Figure 6.15, page #156 (Ahrens)

iii) Orographic lifting: the forced rising of air up the slopes of a hill or mountain. As the air is forced to rise along mountain's windward slopes (upwind side), it expands and cools, which increases its relative humidity. Meanwhile, On the mountain's leeward slopes (downwind side), air descends and warms, which reduces its relative humidity.

Mountain ranges induce two contrasting climatic zones: a moist climate on the windward slopes and a dry climate on the leeward slopes. For example, the windward slopes of Mount Waialeale, Kauai island, Hawaii, receives annual average rainfall of 1199 cm (39.3 ft.), the rainiest location on Earth. Heavy rainfall is triggered by orographic lifting of warm, humid air by persistent northeast trade winds. By contrast, average annual rainfall on the leeward slopes of the same volcanic mountain is less than 50 cm (20 in.).

Figure 6.22, page #160 (Ahrens)

Mountain-wave clouds: stationary clouds situated downwind of a prominent mountain range and caused by the disturbance of the wind by the mountain range. A cloud that forms over the summit of the mountain peak is called banner cloud.

Figure 6.24, page#161 (Ahrens)

Figure 6.25, page #164 (Ahrens)

Figure 6.27, page #165 (Ahrens)

iv) Wind convergence: occurs near the ground, generates upward motion as it lifts surface air to the certain level within the atmosphere.

Convective condensation level (CCL): the altitude at which condensation begins to occur through convection. It is the altitude of convective cloud base, typically between 1000 and 2000 meters (3600 to 6600 feet). For practical application, the height of the CCL in meters is given as

height_CCL = 125 (temperature - dew point temperature)

Level of free convection (LFC): the altitude at which the temperature of a surface parcel that is lifted adiabatically first becomes warmer than the temperature of the environment.

Equilibrium level (EL): the altitude at which a rising saturated parcel encounters negative bouyancy, parcel is cooler than the surrounding.

Convective available potential energy (CAPE): the amount of energy available to a parcel as it freely rises between the level of free convection (LFC) and the equilibrium level (EL). The CAPE is non-zero only if LFC exists. It is expressed as Joule/kg. CAPE of value of 0 indicates the stable atmopshere, while CAPE of less than 1000 shows marginally unstable conditions. CAPE of 1000-2500 refers to moderately unstabe conditions, CAPE of 2500-3500 indicates very unstabe conditions.
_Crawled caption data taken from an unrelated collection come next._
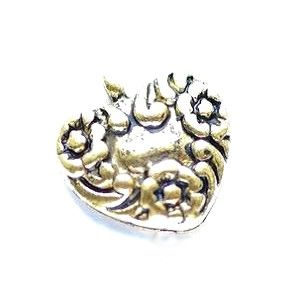 Breloque coeur relief fleur 18x17mm DORÉ PATINÉ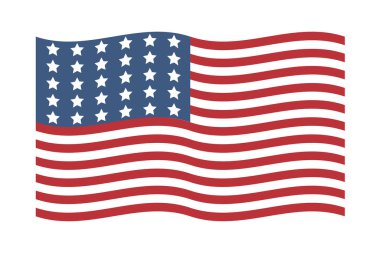 American flag patriotic illustration. United States Independence day design template. Stars and stripes symbol isolated over white.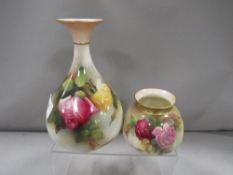 A Royal Worcester vase hand painted with roses signed by Hood with green stamp to base together with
CAPE of larger than 3500 is the extremely unstable conditions.

Convective inhibition (CIN): the amount of energy that must be supplied to a parcel for it to rise to the elvel of free convection (LFC). Convective inhibition is non-zero only if an LFC exists. It is expressed as Joule/kg. CIN of less than 50 refers to weak cap, while CIN of 50-200 is teh moderate cap, and CIN of larger than 200 is the strong cap.

Lifted Index (LI): a measure of the air mass thunderstorm potential taking into account the low level moisture. It is the difference between the parcel temperature that was raised from the surface to 500 mb and ambient temperature at 500 mb. It is it positive, thunderstorm is unlikely, if it is between 0 and -2, thunderstorm is possible, if it is between -2 and -5, thunderstorm is possible, if it is less than -5, thunderstorm is severe.

K Index (KI): a measure of the air mass thunderstorm potential taking into account the low level moisture. It is defined as

K_index = temperature at 850 mb - temperature at 500 mb + dew point at 850 mb - temperature at 700 mb + dew point at 700 mb

If K_index is less than 20, thunderstorm is unlikely, if it is between 20 and 25, isolated thunderstorm is likely, if it is between 26 and 35, widely spread thunderstorm is likely, if it is above 35, severe thunderstorm is possible.

Total totals Index (TTI): a measure of the air mass thunderstorm potential taking into account the low level moisture. It is defined as

TT_index = temperature at 850 mb + dew point at 850 mb - 2 x temperature at 500 mb

If TT_index is less than 44, thunderstorm is unlikely, if it is above 44, thunderstorm is likely, if it is above, severe thunderstorm is possible.